**Supplied data**
··········

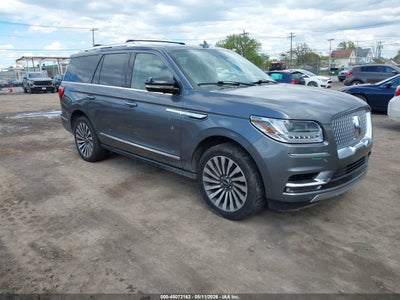 LINCOLN NAVIGATOR 2021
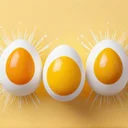 卵2個で摂れる栄養、子供の成長に必要な成分はどこまで埋まる？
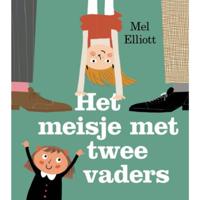 Het meisje met twee vaders (Hardback) - thumbnail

··········

**Task statement**
With the images removed, write out all of the material above exactly.

**Result of the exercise**
 LINCOLN NAVIGATOR 2021
 卵2個で摂れる栄養、子供の成長に必要な成分はどこまで埋まる？
 Het meisje met twee vaders (Hardback) - thumbnail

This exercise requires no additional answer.